§ Records shown:
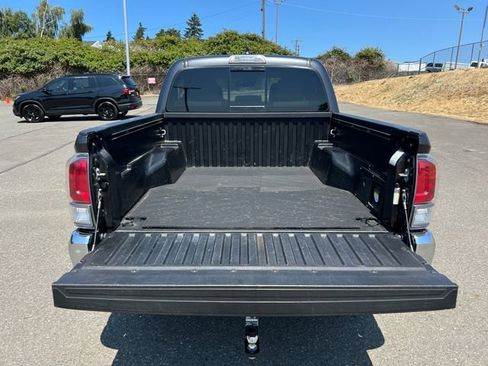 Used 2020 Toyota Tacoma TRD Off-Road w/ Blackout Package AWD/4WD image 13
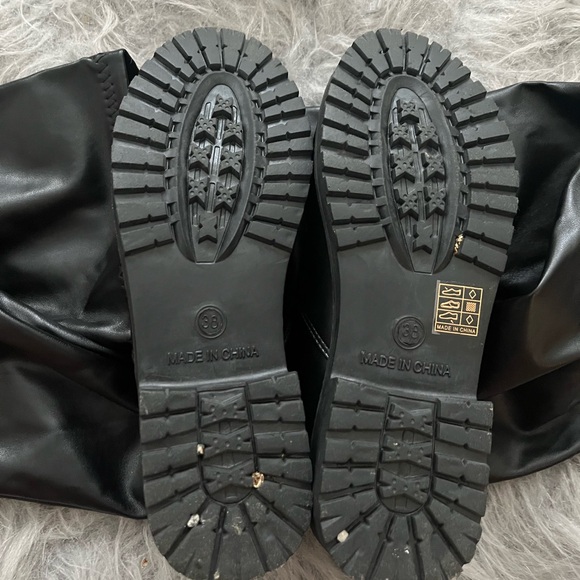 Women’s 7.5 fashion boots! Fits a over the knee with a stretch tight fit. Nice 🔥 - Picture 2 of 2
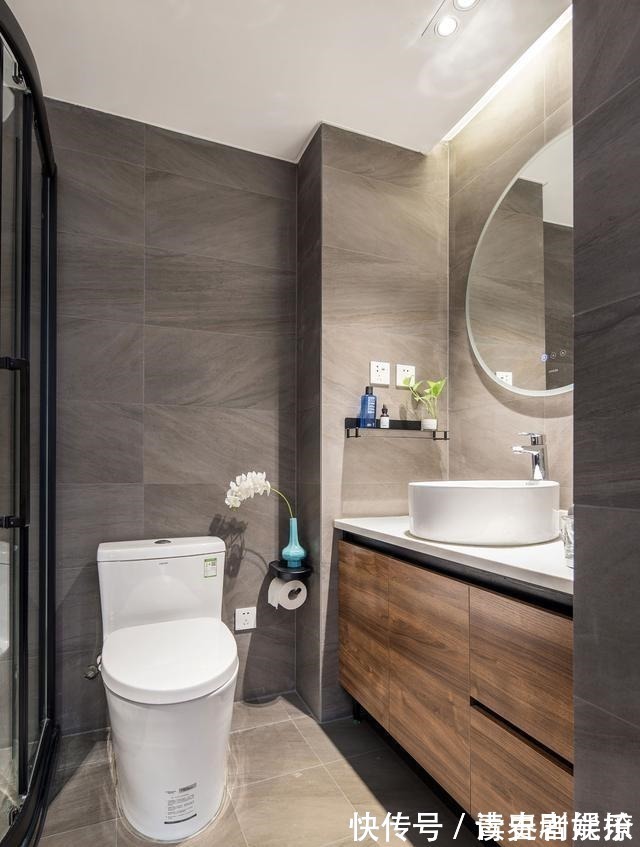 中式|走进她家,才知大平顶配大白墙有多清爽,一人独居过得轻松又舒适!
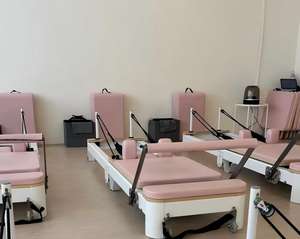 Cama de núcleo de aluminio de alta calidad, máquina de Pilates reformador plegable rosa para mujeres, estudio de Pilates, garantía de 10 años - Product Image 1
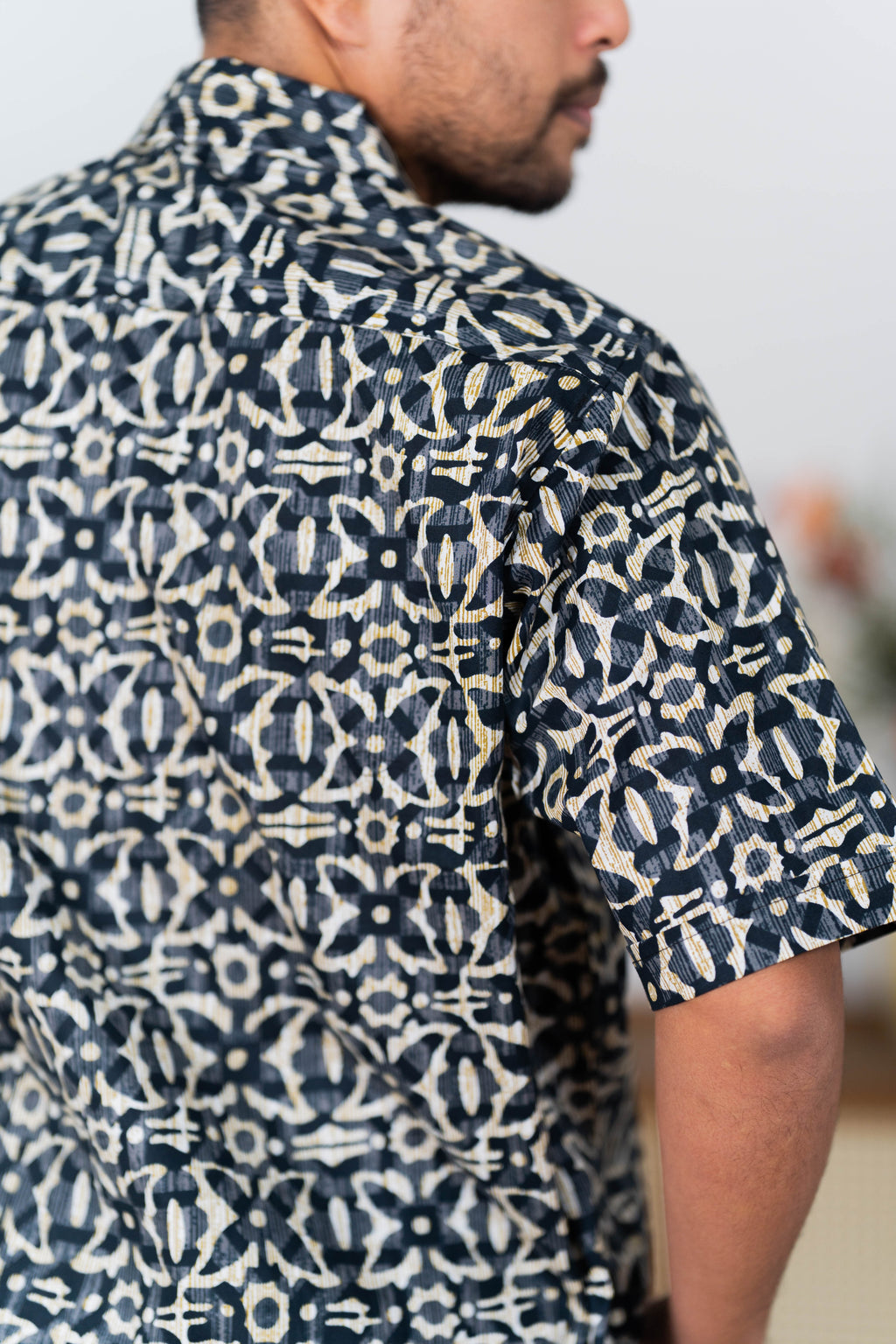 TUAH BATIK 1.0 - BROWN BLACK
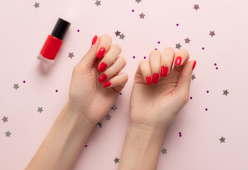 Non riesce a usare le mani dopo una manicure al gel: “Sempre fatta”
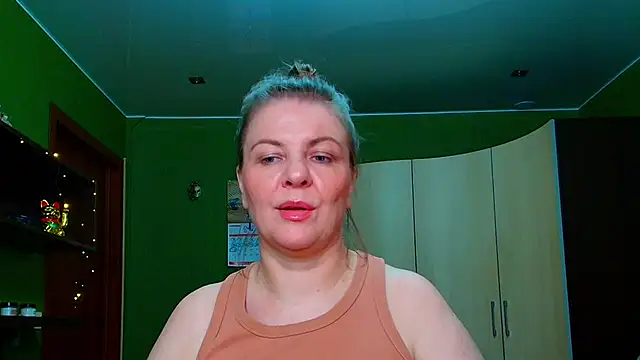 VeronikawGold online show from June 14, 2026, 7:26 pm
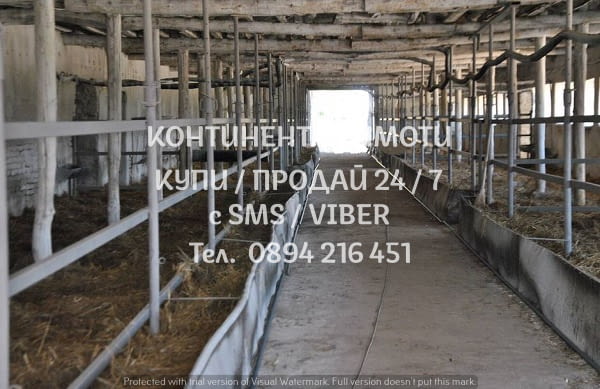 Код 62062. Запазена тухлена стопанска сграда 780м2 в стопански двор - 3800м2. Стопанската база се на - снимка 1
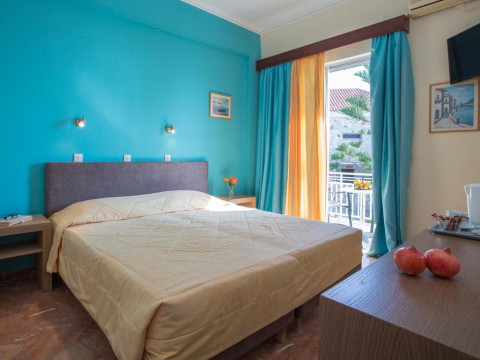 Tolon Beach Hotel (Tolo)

§ Exercise brief: Copy exactly the lines from the line containing "Код 62062. Запазена" through the last line of the records above, both included, and leave out any pictures.

§ Completed exercise:
 Код 62062. Запазена тухлена стопанска сграда 780м2 в стопански двор - 3800м2. Стопанската база се на - снимка 1
 Tolon Beach Hotel (Tolo)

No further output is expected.